The Cocktail Waitress

Monday, March 25, 2013


The Cocktail Waitress
James M. Cain, editor Charles Ardai, 2012

Premise: This is a previously unpublished novel by Cain (1892-1977), drawn together from several finished manuscripts and the author’s notes. Joan Medford’s life was looking up when her husband died. Despite taking on his debt, she was relieved to be free of him. That was until her sister-in-law tried to adopt her son against her will, and the police believed that she had something to do with her husband’s death. She’ll do what she must to survive, despite her heart, if she can figure out what, exactly to do.

This has been described as a noir story from the perspective of the femme fatale, and it is that, in a way. It’s in the first person, so you have to decide whether Joan is telling the truth or not. You could also read it as the straightforward account of a woman in a bad situation who does what she can, what she thinks is right at the time, or maybe isn’t right, but could turn out best. When her plans falter and fall through, she’s as hurt as anyone.

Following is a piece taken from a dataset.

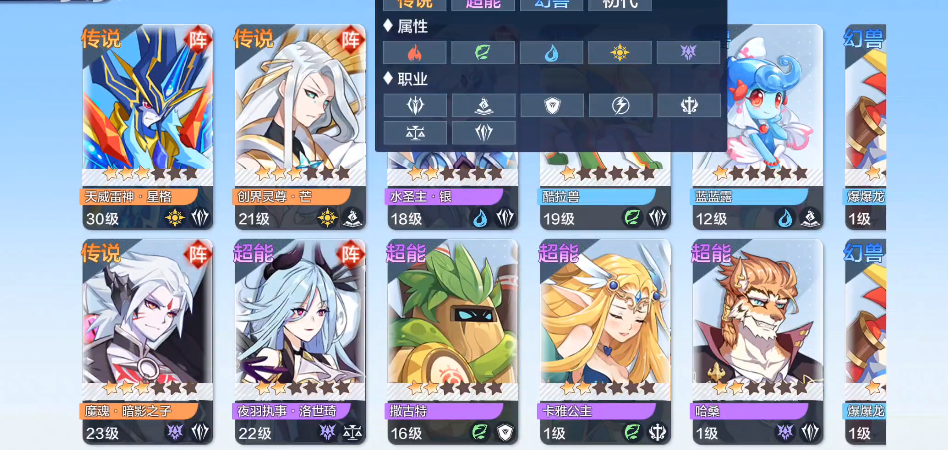 奥奇传说手游家园玩法指南新手家园攻略教学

The most interesting question for me, therefore, is whether both can be true. Joan makes the best decisions she can... maybe. And the truth of it is that other people are damaged by their interactions with her, despite her intentions. So if she is a ‘femme fatale’, are women in other noirs who destroy others just pushed by circumstance at the wrong time?

I’ve only read one other Cain novel (The Postman Always Rings Twice) and it’s been a while. This does seem firmly in his wheelhouse, though, all about people making morally dubious decisions because of their dreams and their desires and suffering for it.

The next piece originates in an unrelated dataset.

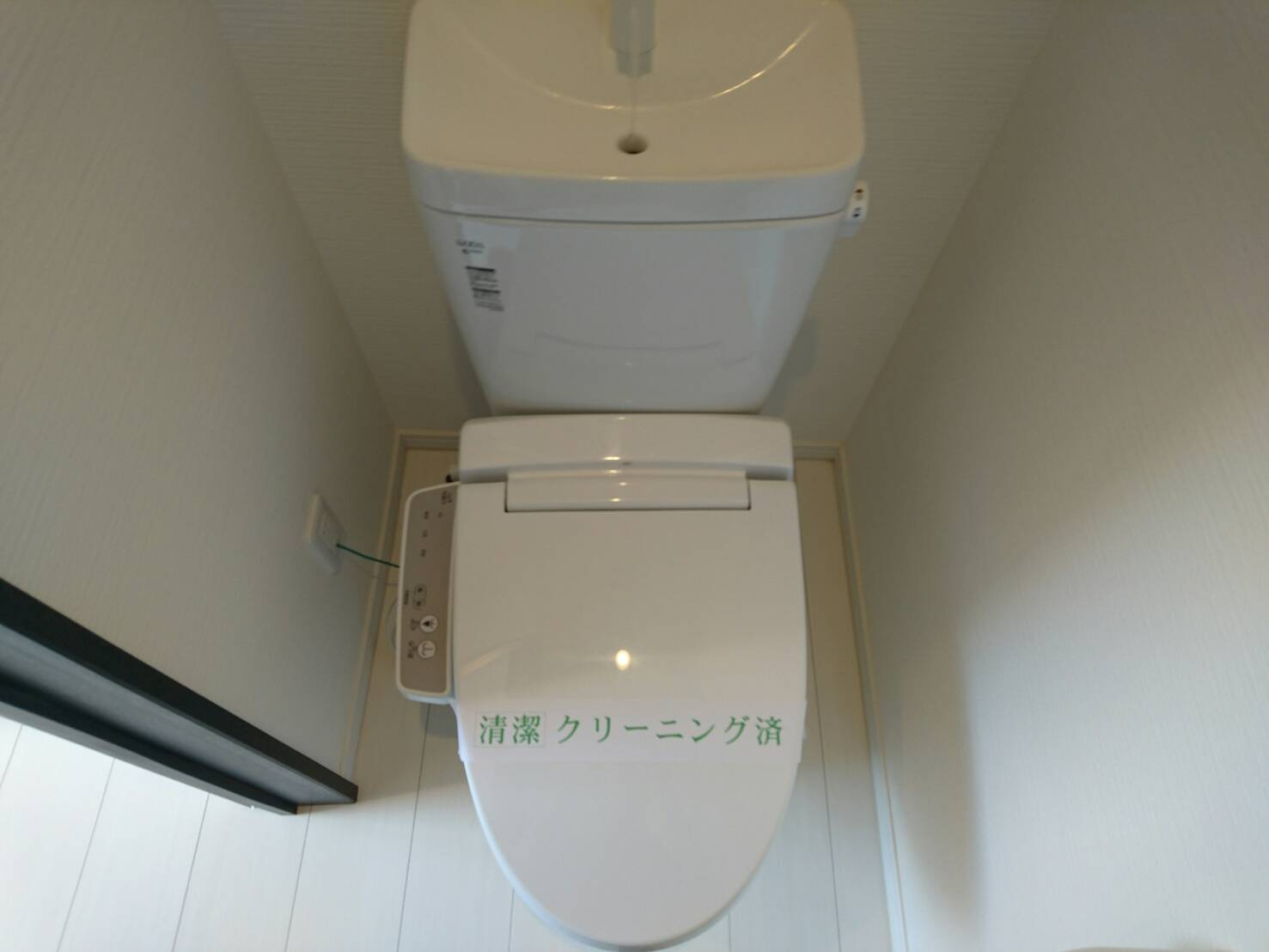落ち着いたトイレです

I loved reading this, incidentally. It’s painful in a good way. I empathized with Joan’s pain and struggle, even as I saw her trying to decide between two bad paths. She’s trapped, by society, by her situation, and increasingly by her own choices.

The prose is occasionally gorgeous, although it’s no Chandler, much blunter and more earthy.

(Side Note: The end has a heartrending sucker punch that’s easy to miss if you’re under 40. Read the afterword.)